Can’t agree with that.

Hey, it is truly staggering that parliamentarians don’t have a code of conduct. All public servants do. How can they not have one??

A good code of conduct wouldn’t have loopholes. Codes of conduct for the public service have been refined over many years. It would surely not take too much effort to adapt this to suit parliamentarians.

The critical problem with public service codes of conduct is that (in my situation and I presume just about across the board), they are not worth the paper they are written on!
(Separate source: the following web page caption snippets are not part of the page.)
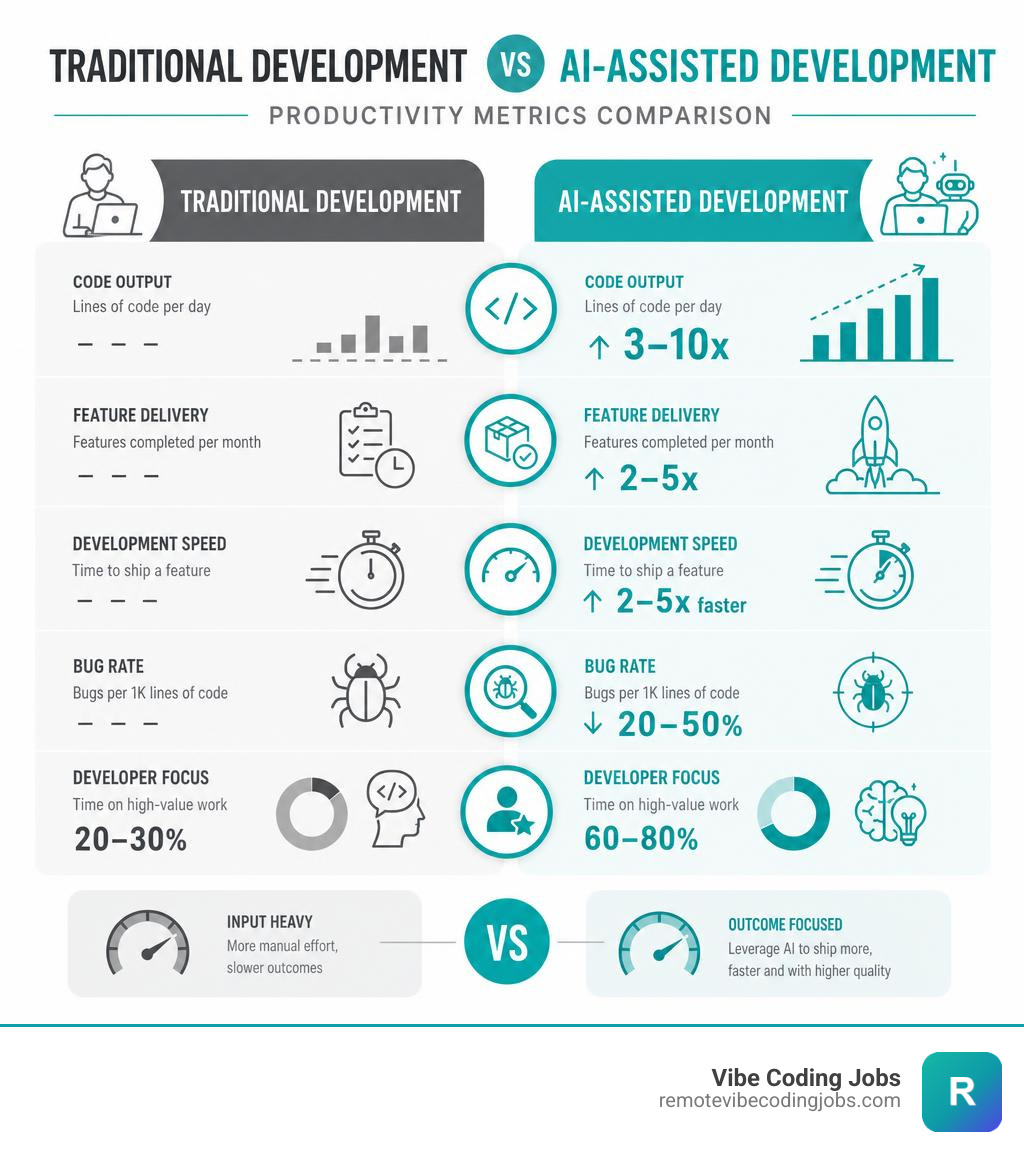 Infographic comparing traditional development vs AI-assisted development productivity metrics infographic
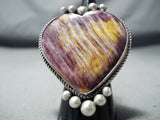 Lyla Cadman Native American Navajo Purple Spiny Oyster Shell Sterling Silver Heart Ring-Nativo Arts
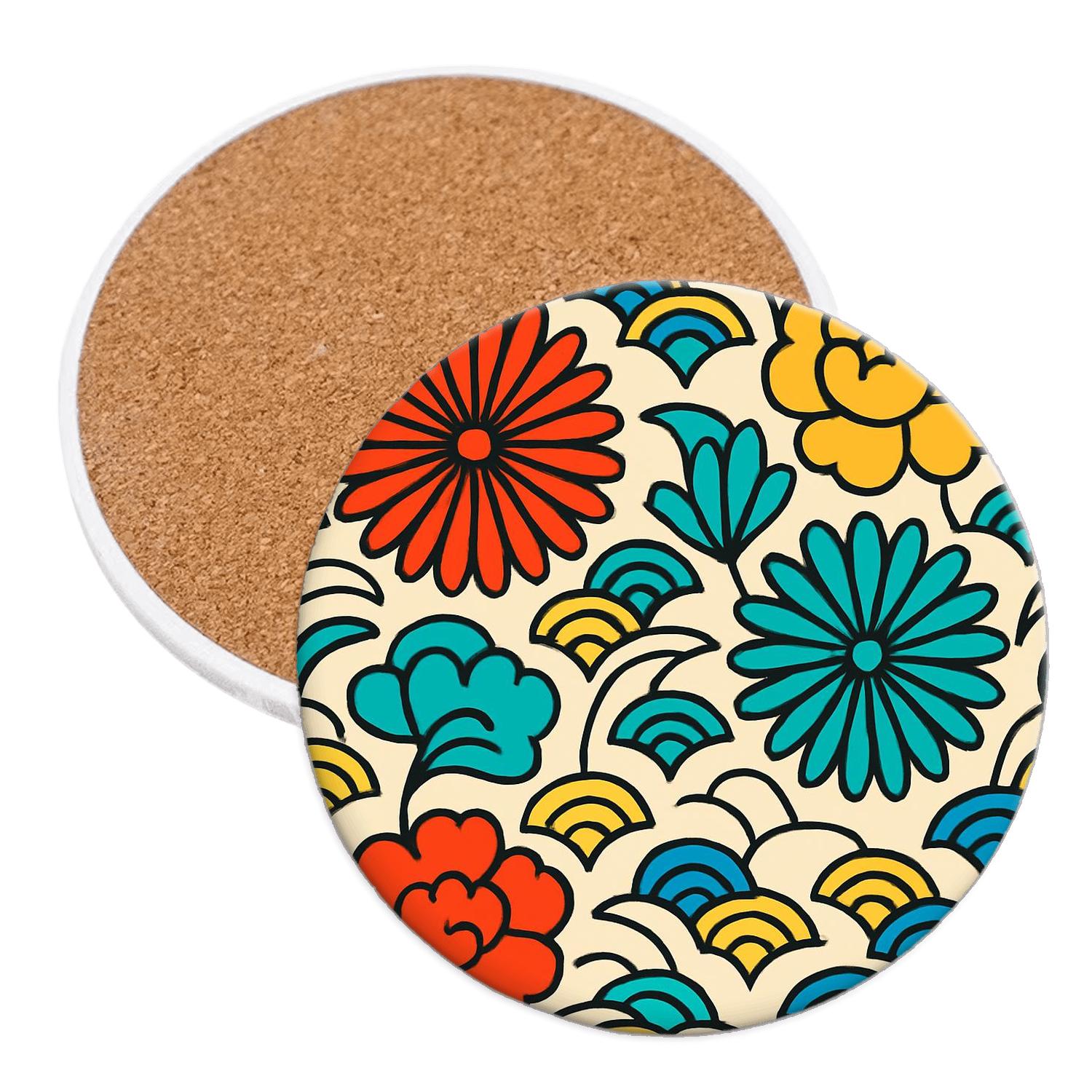 Ukiyo E Firework Botanicals Pop Linework stone coaster collections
Not because they aren’t comprehensive and well written, but because the management regime is just disgraceful.

Numerous times in my 23 years in the Queensland public service, I witnessed senior managers just completely ignore the code and behave in a manner totally irrespective of it, with impunity!

No one seemed to be willing to uphold it!

However in parliament it would surely be totally different, where we have two parties only too willing to jump on any member of the other party who steps out of line, and who would therefore uphold the highest standard amongst their own members.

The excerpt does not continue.